Start of Data section

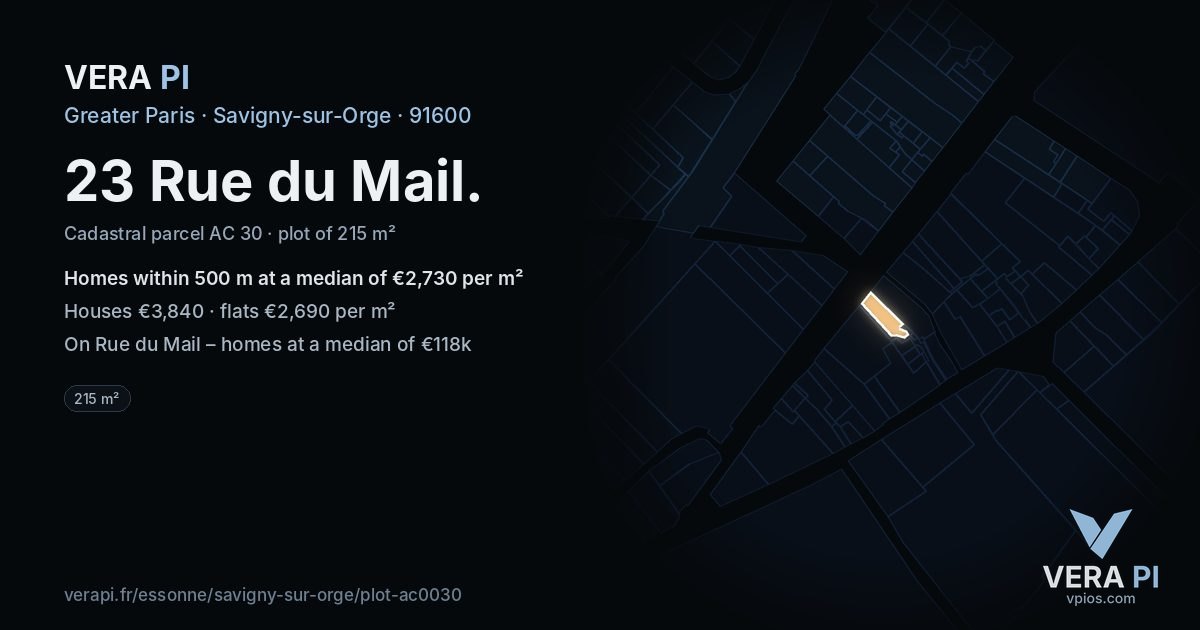 23 Rue du Mail, Savigny-sur-Orge at night – the plot lit, the parcels around coloured by the prices near them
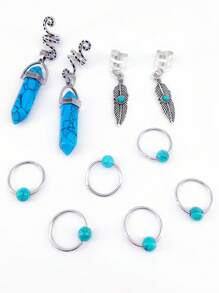 10pcs Boho Style Turquoise Hair Jewelry For Braids Alloy Accessories Loc Hair Dreadlocks Adjustable Hair Rings Hair Cuff Hair Charms Braid Jewelry Hair Beads Decorations For Men Women For Party Date - Silver - View 3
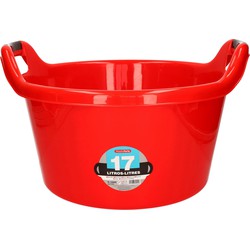 Plasticforte Grote teil/afwasbak/kuip - kunststof - rond - handvatten - 42 x 27 cm - 17 liter - rood - Afwasbak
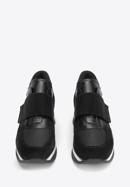 Damen-Sneaker aus Wildleder mit Klettverschluss auf der Plattform, schwarz, 93-D-654-1-39, Bild 3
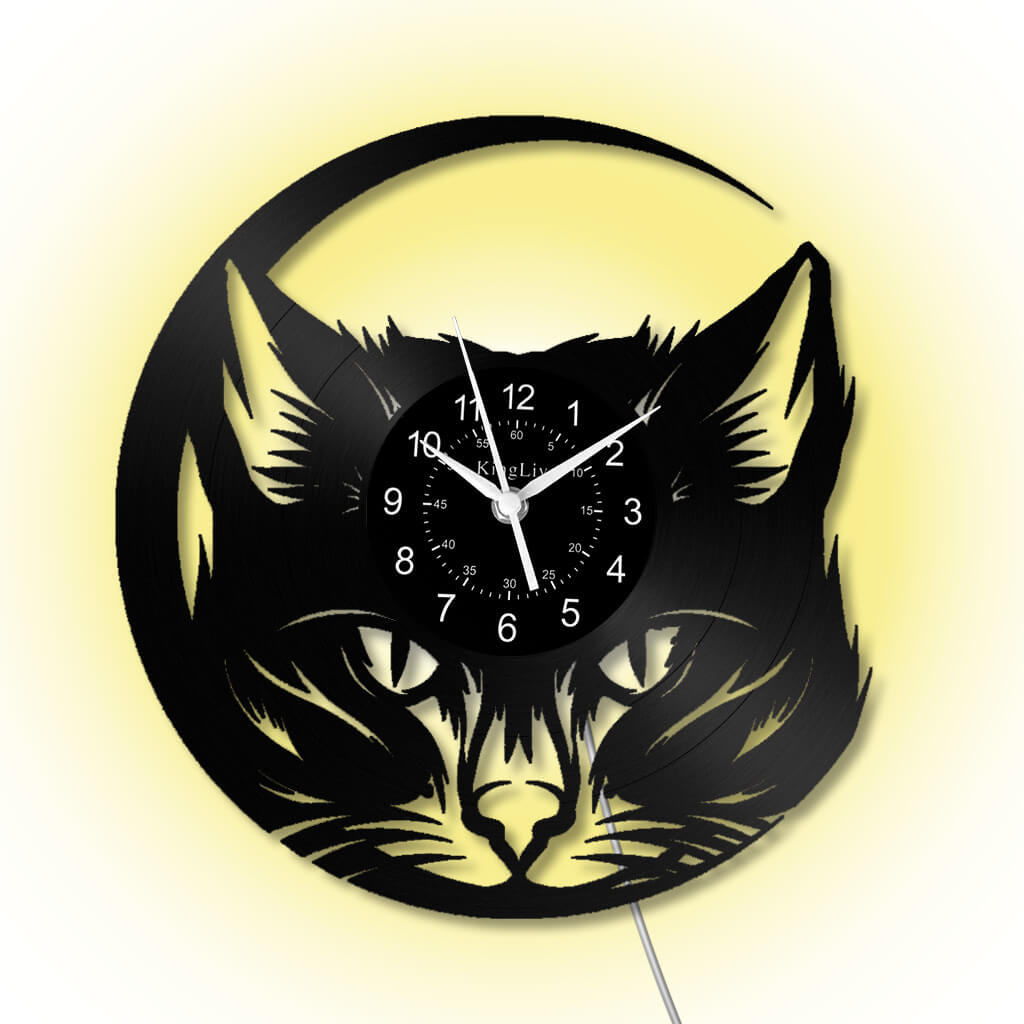 LED Vinyl Wall Clock | Cat | 12'' | 0138WPB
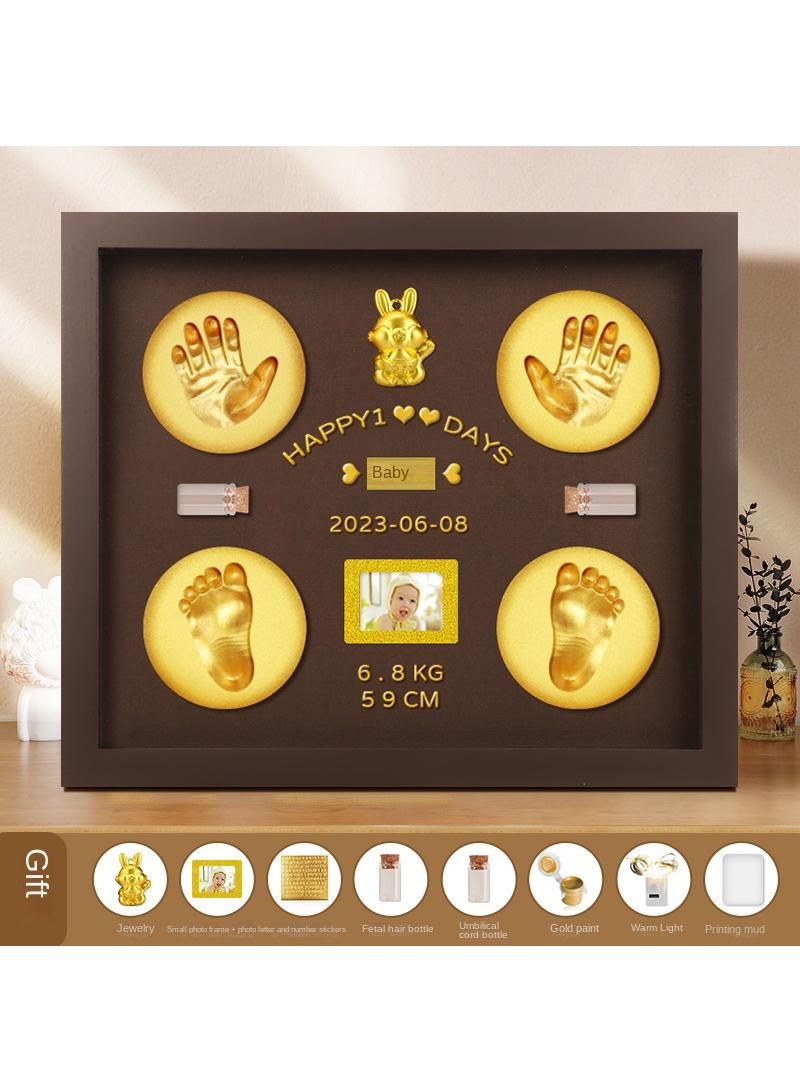 Newborn Baby Baby One Year Old Commemorative Full Moon Gift Handprint Inkpad Photo Frame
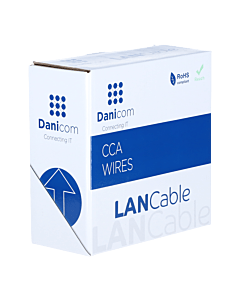 CAT5e F/UTP 50m kabel op rol stug grijs CCA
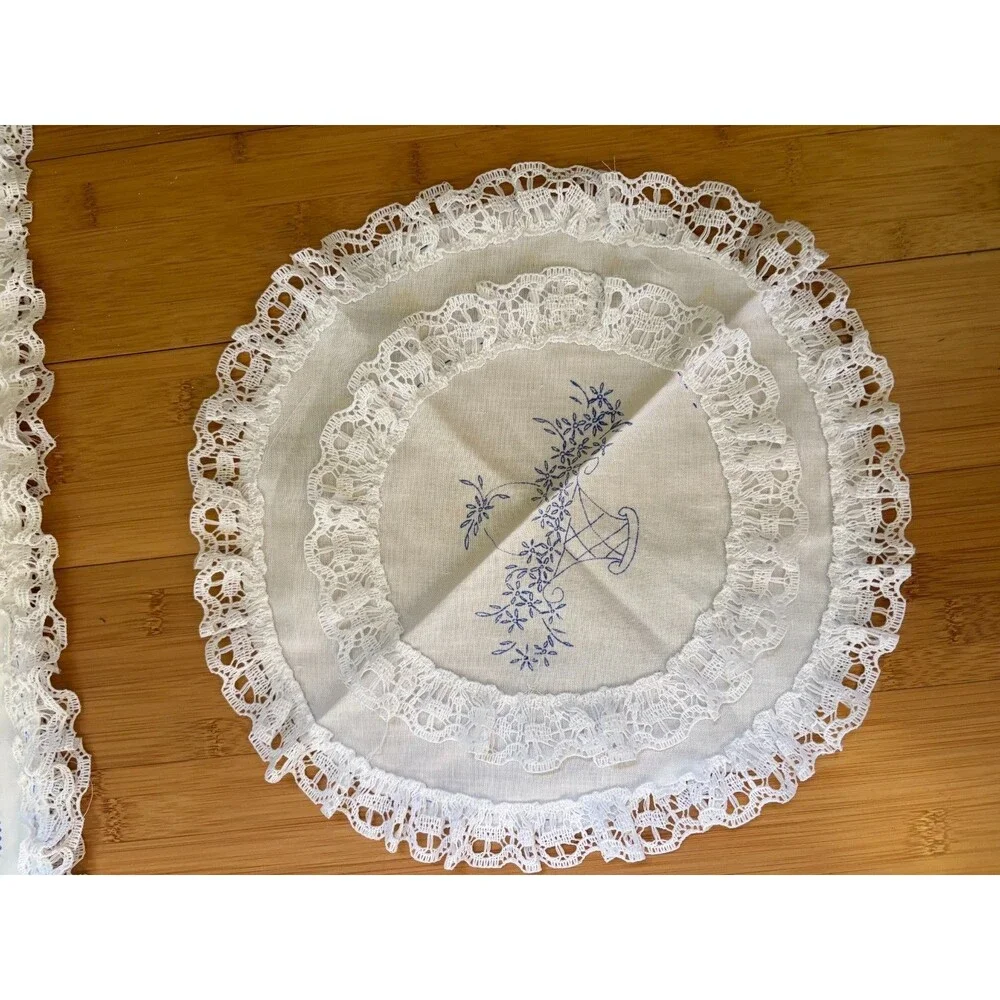 Vintage Embroidered Linen Set Runner Pillowcases Doily White Floral Basket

End of Data section

Work instructions
Could the stretch from the line with "Plasticforte Grote teil/afwasbak/kuip" through the line with "LED Vinyl Wall Clock | Cat | 12'' | 0138WPB" in the listing above be restated word for word, minus the pictures?

Answer to the exercise
 Plasticforte Grote teil/afwasbak/kuip - kunststof - rond - handvatten - 42 x 27 cm - 17 liter - rood - Afwasbak
 Damen-Sneaker aus Wildleder mit Klettverschluss auf der Plattform, schwarz, 93-D-654-1-39, Bild 3
 LED Vinyl Wall Clock | Cat | 12'' | 0138WPB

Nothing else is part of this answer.